Norse mythology describes the exploits of the so-called berzerkers ferocious warriors who went into battle clad in animal skins. In the legends, berzerkers fought fearlessly in a frenzied state, and they achieved that state through some kind of animistic force derived from the skins.

But some historians now believe the berzerkers actually existed and that their frenzy was the result of chemical enhancement. There's some evidence to suggest they were actually under the influence of a hallucinogenic mushroom, amanita muscaria.

In modern times, armies have harnessed the power of drugs in a more systematic way.

Norman Ohler documents the ways the drugs drove the German Army during World War II, in his book Blitzed: Drugs in the Third Reich.

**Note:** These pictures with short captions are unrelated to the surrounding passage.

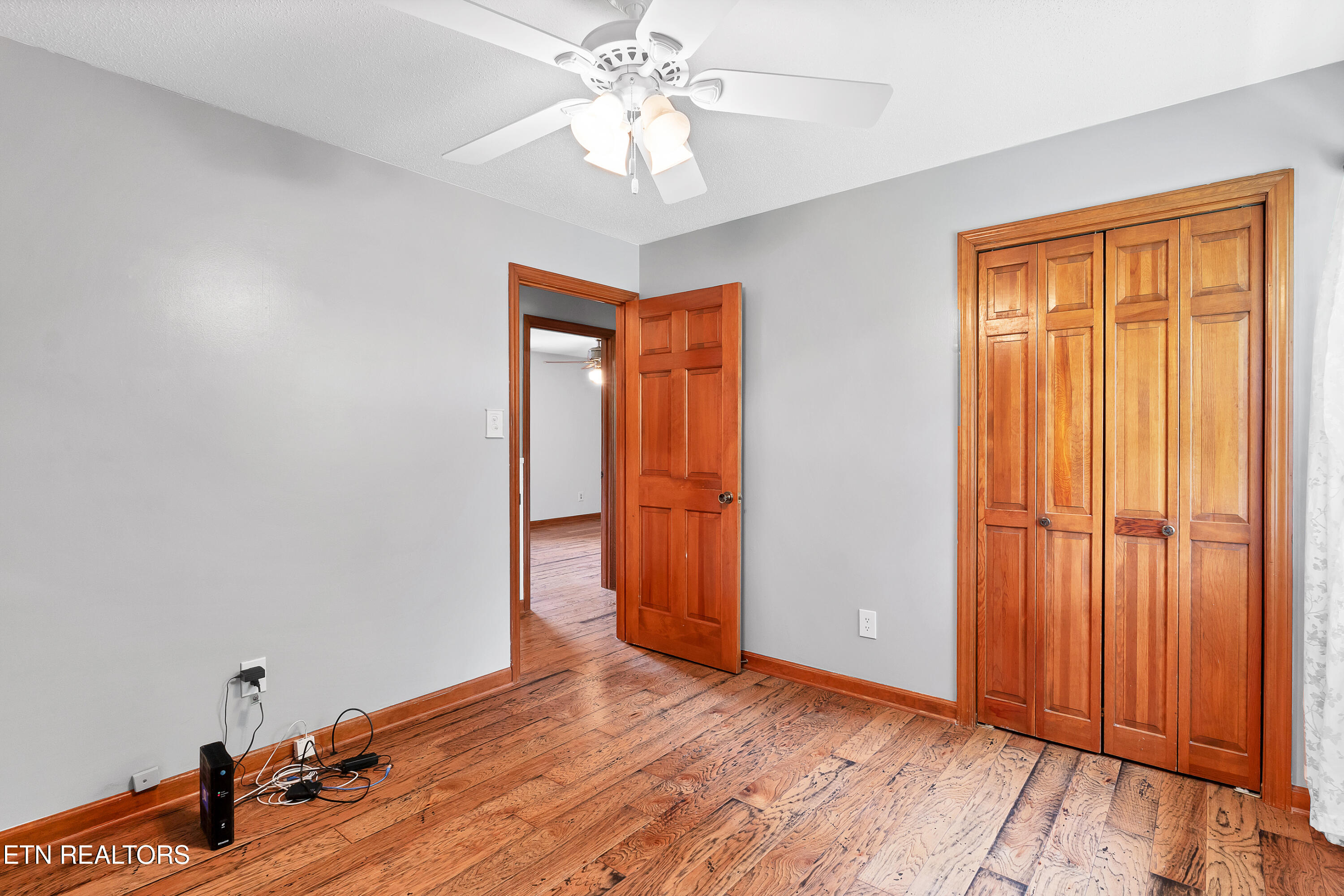 3202 Patty Road Maryville TN 37803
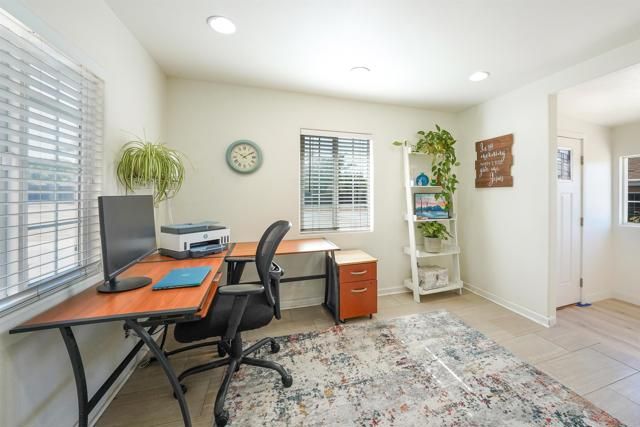 2029 GreenField Drive, El Cajon, CA 92019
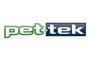 Pet-Tek Distribution logo
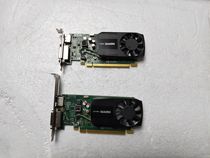 Original Dell HP Quadro K620 2G Professional Graphics Card Supported 4K Case Common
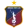 Logo de Monagas S.C.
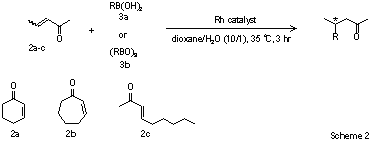 Scheme2 Scheme2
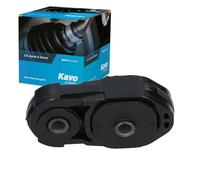 Kavo Parts Montaje del motor EEM-6545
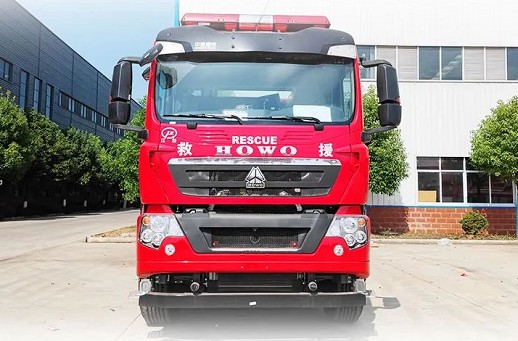 ��(gu��)����������ǰ�ĺ��24����������܇(ch��)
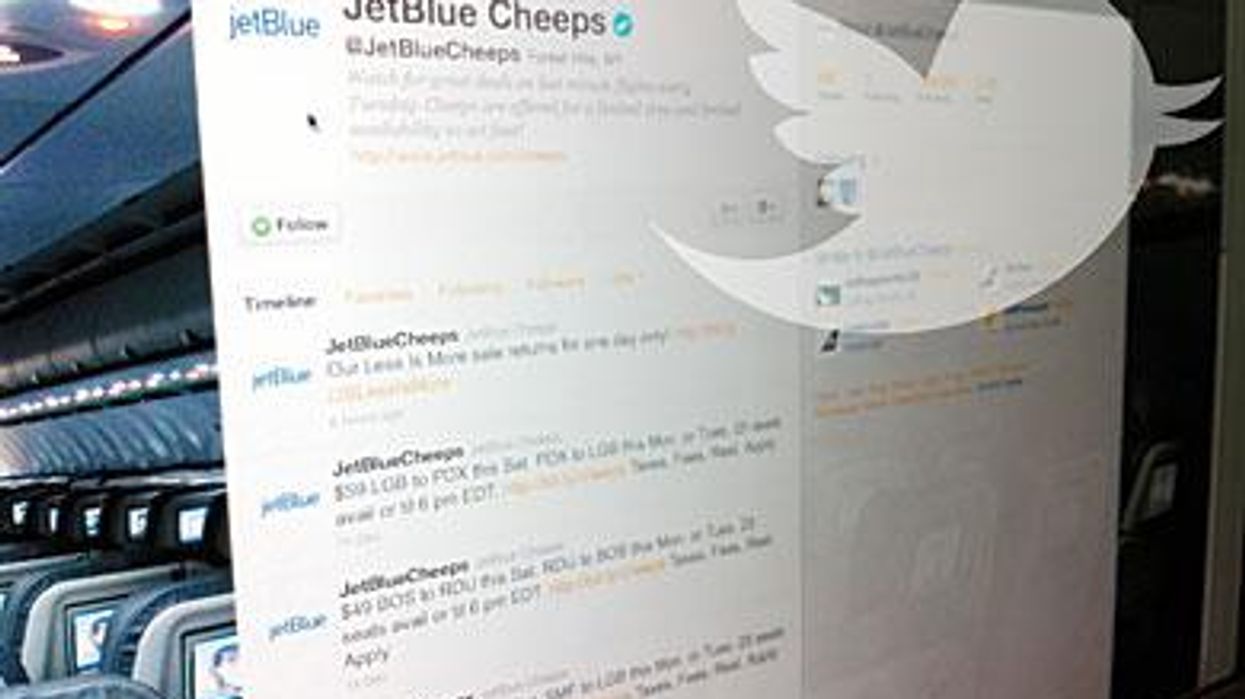 Jetbluecheepsx390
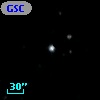 GSC 02533-00559
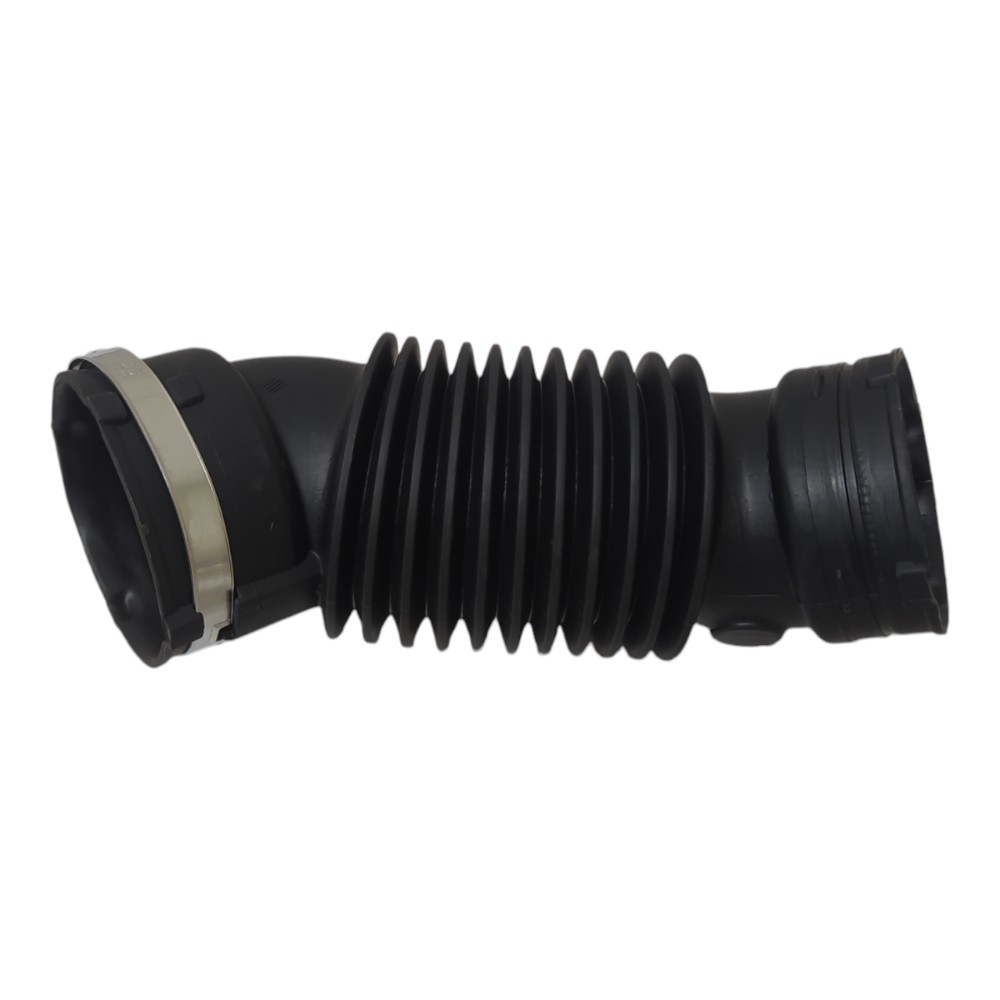 Mangueira Filtro Ar Ford New  Fiesta 2019 V134 5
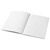 Libreta A5 personalizable 50 hojas Austen
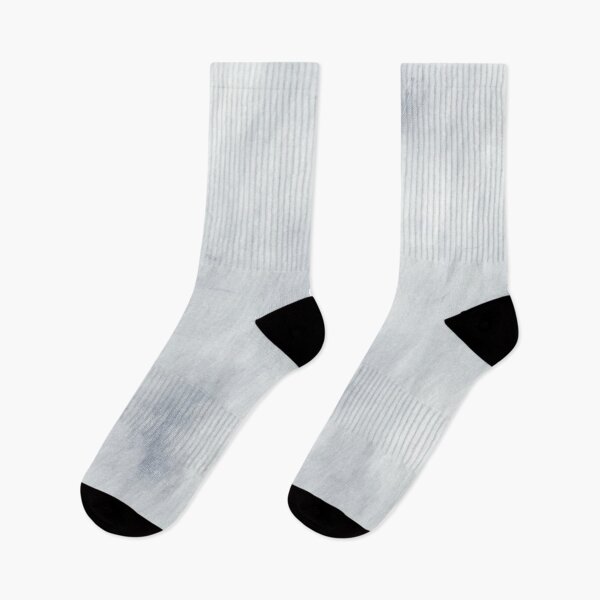 Item preview, Levrina - Bleached denim color gradients (63/66) designed and sold by sabantha.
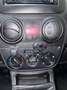 Fiat Fiorino furgone Bianco - thumbnail 15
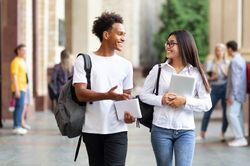 Nigeria không công nhận bằng cấp nước ngoài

German soldiers during the early part of WWII were known to use Pervitin, a form of methamphetamine. (U.S. National Archives
and Records Administration)



Ohler argues that some of the German army's early triumphs victories that would shape the course of the war were thanks in part to the use of an over-the-counter form of methamphetamine called Pervitin. A doctor named Otto F. Ranke was tasked with improving the performance of German soldiers. He had seen studies that showed Pervitin reduced fear and fatigue, and realized it was the perfect combination for soldiers.

Pervitin helped keep the army marching past the breaking point when Germany invaded France by way of the Ardennes mountains. But the drug also helped the soldiers fight.

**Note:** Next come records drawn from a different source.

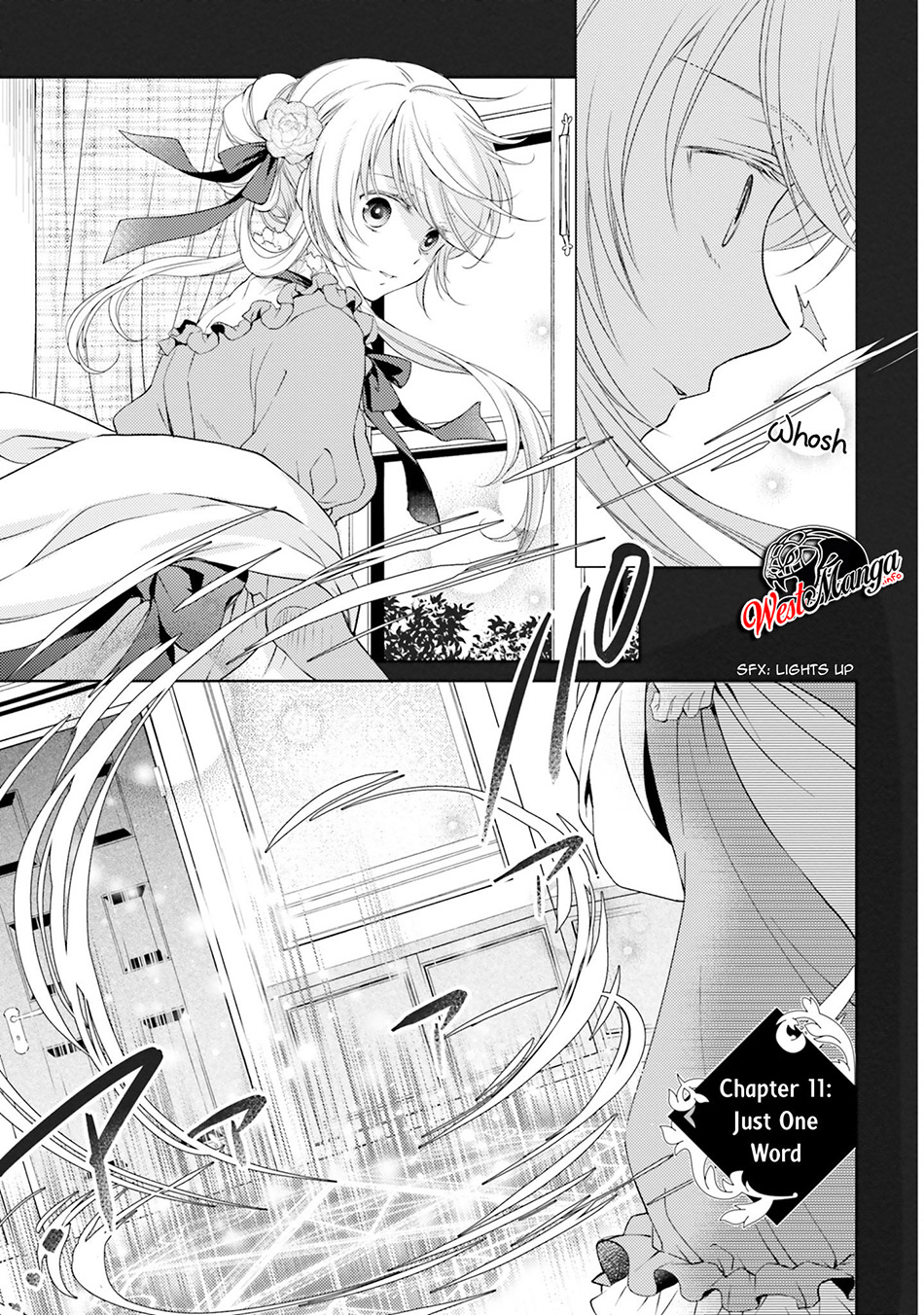 Chapter 11 - halaman 4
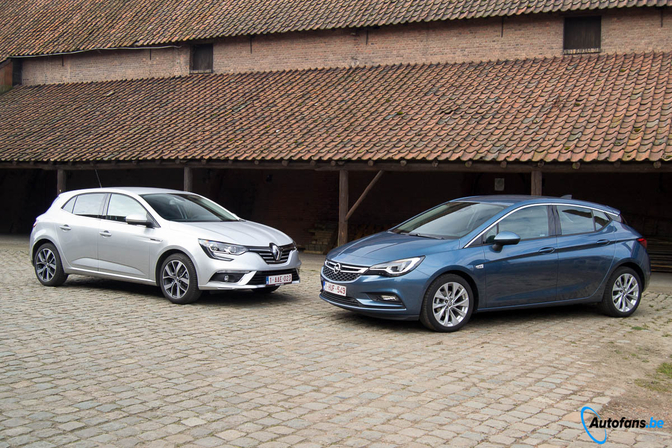 opel-astra-vs-renault-megane-2016-duel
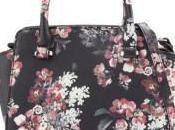 Alluring Tote Bags Your Collection From Zalora
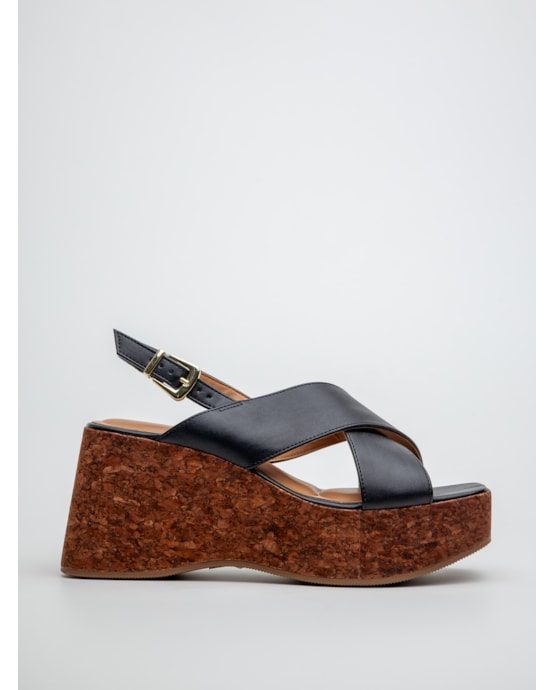 image_469d64f1-855b-4dbf-bc90-1783cfe610c3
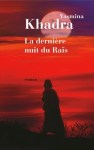 la-derniere-nuit-du-rais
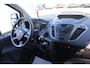 Ford Transit Custom 2.0 TDCI L1 H1 Airco Imperiaal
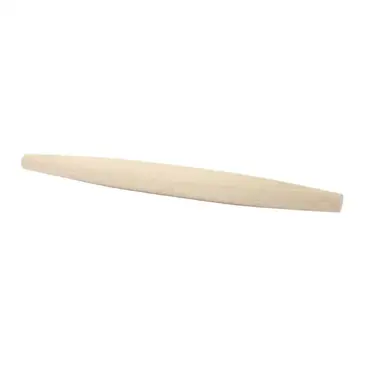 Libertyware RPFS20 Rolling Pin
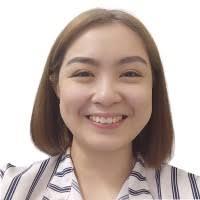 40+ "Aubrey Guzman" profiles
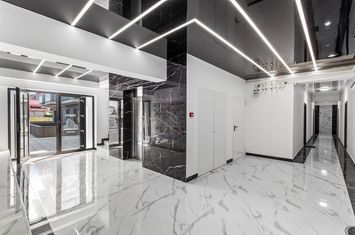 Garsonieră de vanzare MAMAIA - Constanta anunturi imobiliare Constanta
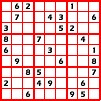 Sudoku Expert 119624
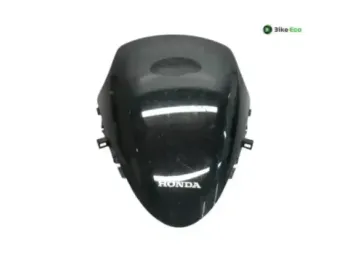 Bulle HONDA PCX 125 2017-2018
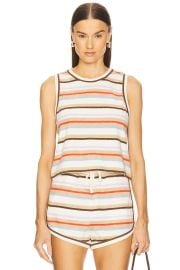 Cullen Tank at Revolve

Pervitin is an over-the-counter form of methamphetamine that was available to Germans during WWII. (Thomas Springer)

The first battle of the western campaign was in Martelange, Belgium. Ohler found accounts from Belgian soldiers who recall German soldiers charging fearlessly towards machine gun nests.

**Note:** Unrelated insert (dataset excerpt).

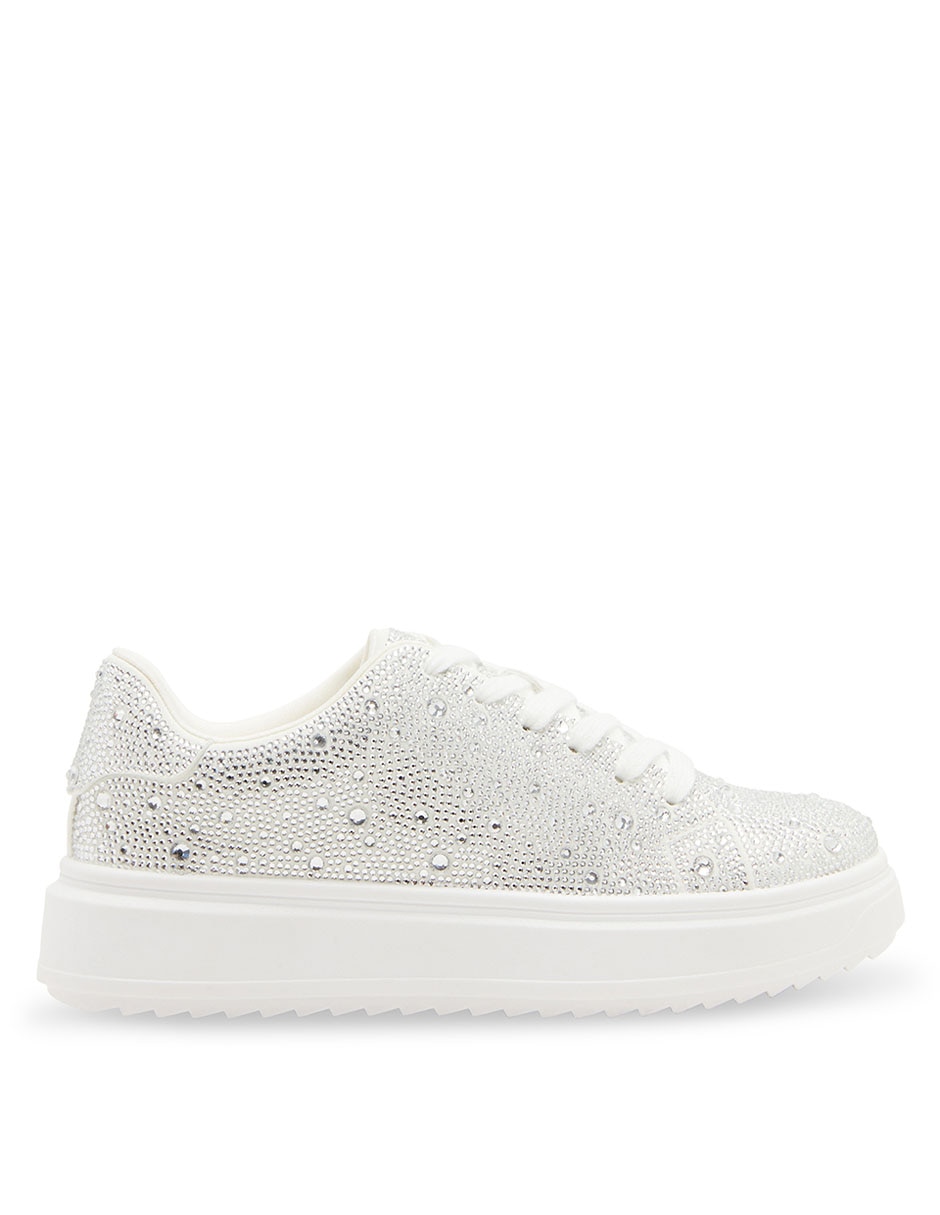 Tenis para mujer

"You could say that the reduction of the fear level which is scientifically proven if you take a high dosage of Pervitin led the Germans to this unorthodox behaviour, which then frightened the Belgian defenders," said Ohler.

According to Ohler, these incidents helped create the rumour of the unbeatable German super soldier.

Drugs still a part of war

Drugs continue to play a role in warfare. Perhaps the most disturbing example is how drugs have been used to manipulate and control child soldiers in African conflict zone.

Ishmael Beah, author of A Long Way Gone: memoirs of a boy soldier, fought in Sierra Leone. Beah described how the commanders would keep the kids high on 'brown browns,' a mixture of cocaine and gunpowder.

The gunpowder contains nitroglycerin, which is a vasodilator, and helps spread the cocaine through the bloodstream more quickly. The commanders would have the children commit atrocities while high, because the drugs would help them overcome fear and conscience. The dependence on the drugs kept the kids loyal and obedient.

In popular culture, the Vietnam War may be the war most closely associated with drug use and abuse. But according to historian Jeremy Kuzmarov, that perception is largely a myth with roots in propaganda.

In his book, The Myth of the Addicted Army, Kuzmarov argues alcohol was the drug of choice for most American GIs. He says that, to the extent troops used marijuana, the use was confined to rear areas far from combat.

Contrary to the image of thousands of Americans coming home from Vietnam hooked on heroin, use of the drug was not widespread. Kuzmarov argues that Richard Nixon's administration used the idea of addicted soldiers to drum up support for the domestic war on drugs.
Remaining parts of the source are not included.